Crush the woman with one swing, and the fight would be finished. But this was Father’s ground to defend, not King’s, and far more important, nothing in this boy’s life had ever been as fascinating or enlightening as watching a sterile old woman bring her fists down on the beaten man’s face.

The cabin door swung open.

The window was a window again. Diamond was watching what was outside, unless of course this was another one of his sister’s memories turned into light and noise. He couldn’t tell, couldn’t ask. But what he saw was interesting in its fashion, built from simple shapes and a few noises repeated without end. Dark rain broke against Bountiful’s skin. What might be the long tree limb was twisting in the gale. There were only two distances in that world, near and not-near, and that was a peculiarly fascinating thought.

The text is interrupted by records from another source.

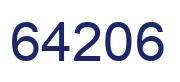Número 64206 imagen azul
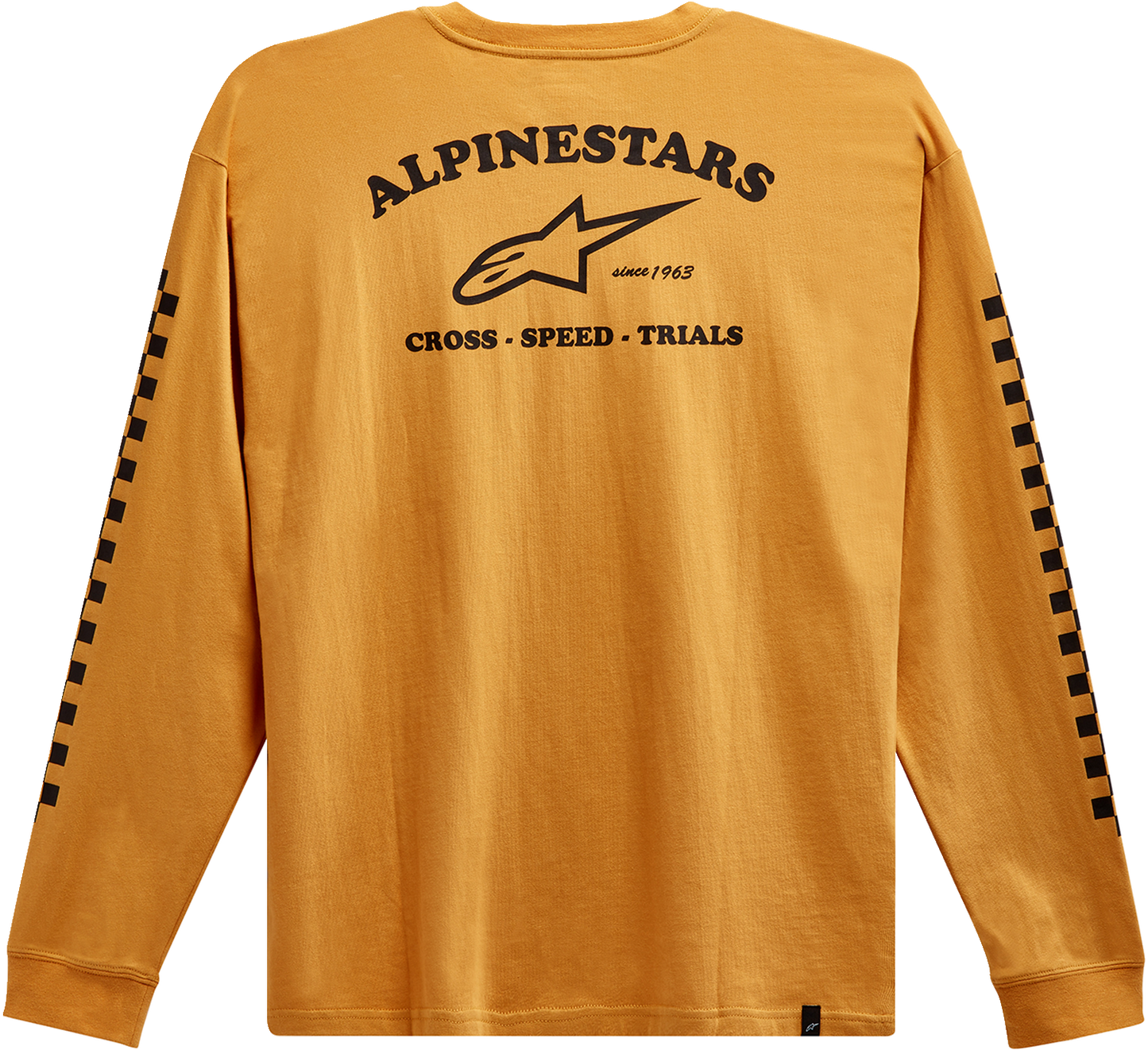 Alpinestars Sunday Long-Sleeve T-Shirt in Gold - 2XL (Part Number 12137184059XXL)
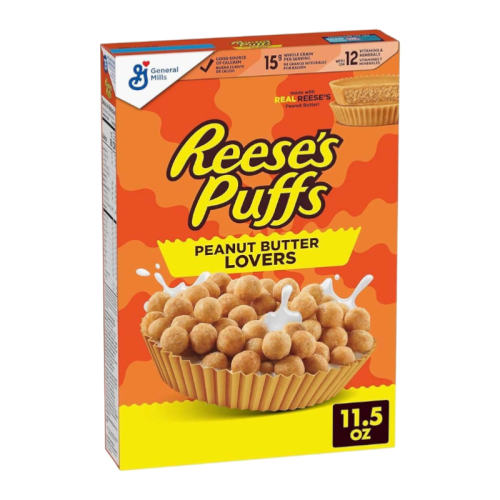 General Mills Reese's Puffs Peanut Butter Lovers Cereal - 11.5oz (326g)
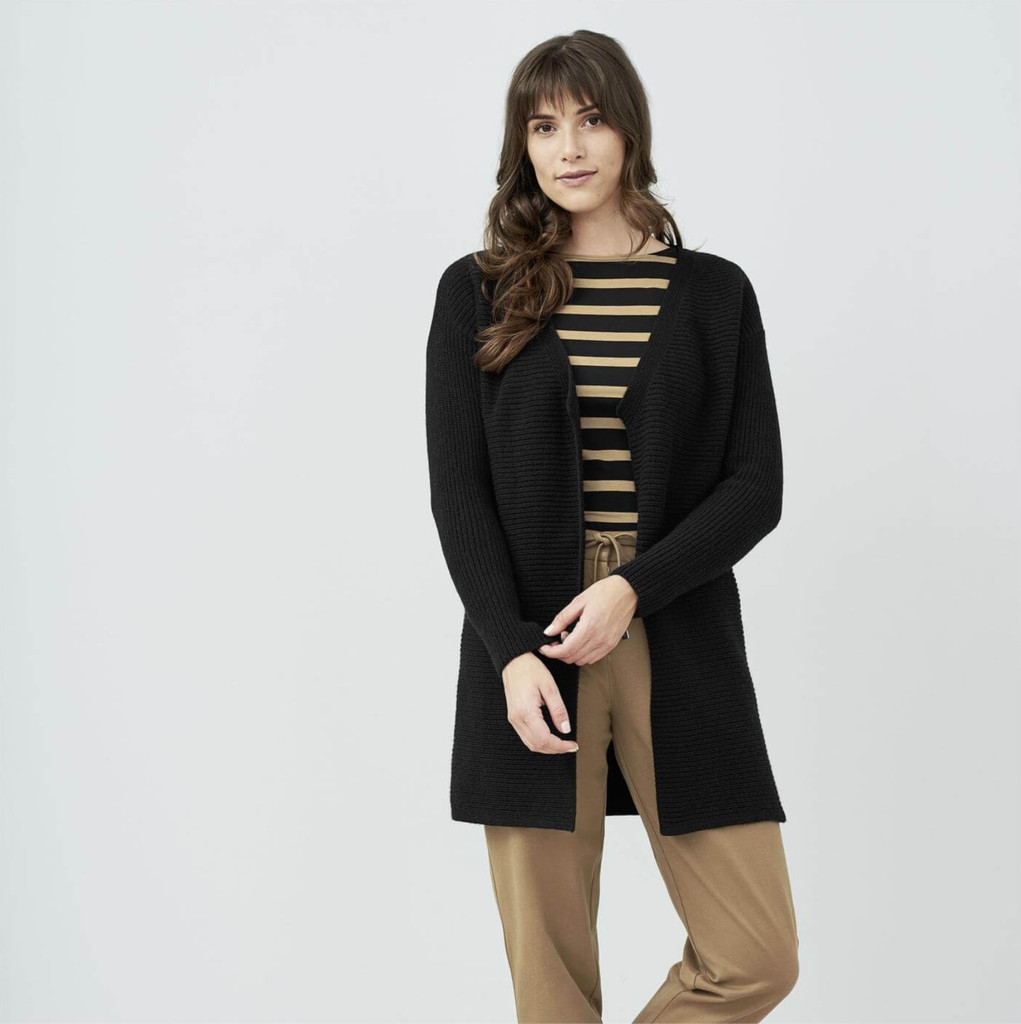 Women's Organic Cotton Wool Cardigan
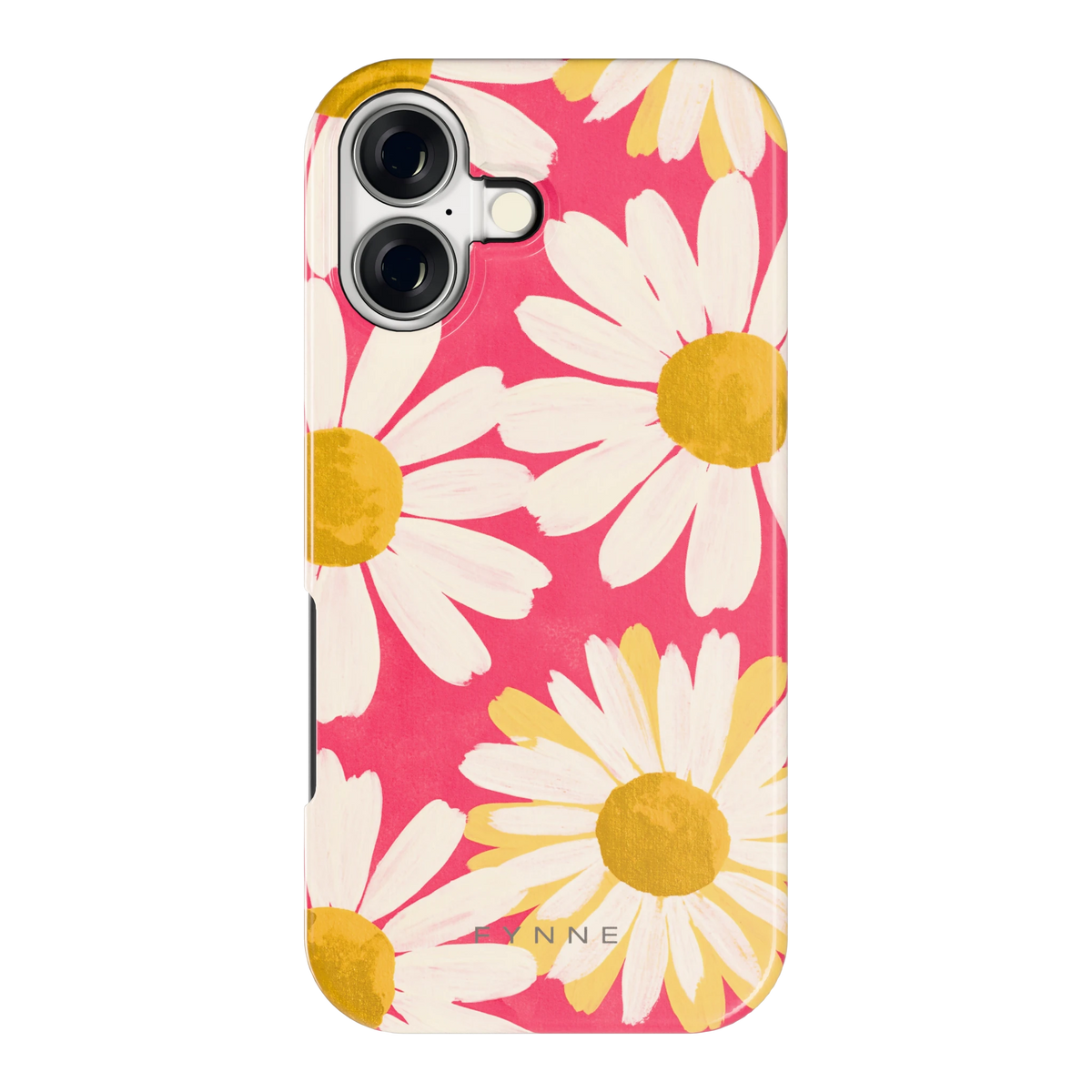 Geschilderde madeliefjes hoesje voor iPhone 17, achterkant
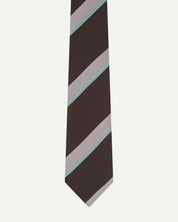 #4014 repp tie - dark plum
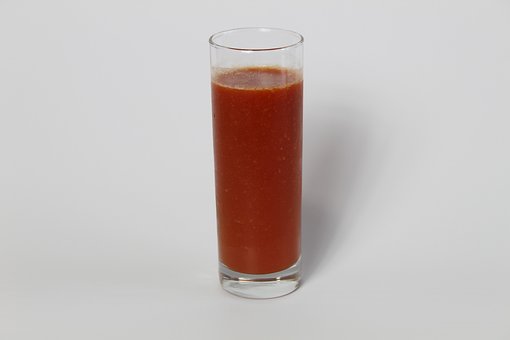 Het Sap, Drankje, Beker, Glas, Tomaat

Diamond pulled his head out from under the curtains.

A soldier filled the open door and part of the hallway. Motioning at the boy, he repeated a word that he had just learned. “Eat,” he said.

Good sat on the cot, growling.

Diamond straightened the curtains. “Stay here,” he said.

“Yes,” the monkey agreed.

“I’ll bring you food,” he said.

“Hate you, thank you,” Good replied.

The soldier closed the door behind him and then sat in the hallway again. A woman soldier was waiting outside the galley. She watched Diamond’s walk. More curious than caring, she asked, “How do you feel?”

“Hungry,” he said.

“I believe you,” she said.

The galley was crowded, the air thick with sweat and cold food. People stopped eating to look at the boy. Some of them made faces. Some were glad to see him. Elata smiled and Seldom called to him by name, while Karlan saw something funny in his arrival, laughing loudly before he attacked his meal again.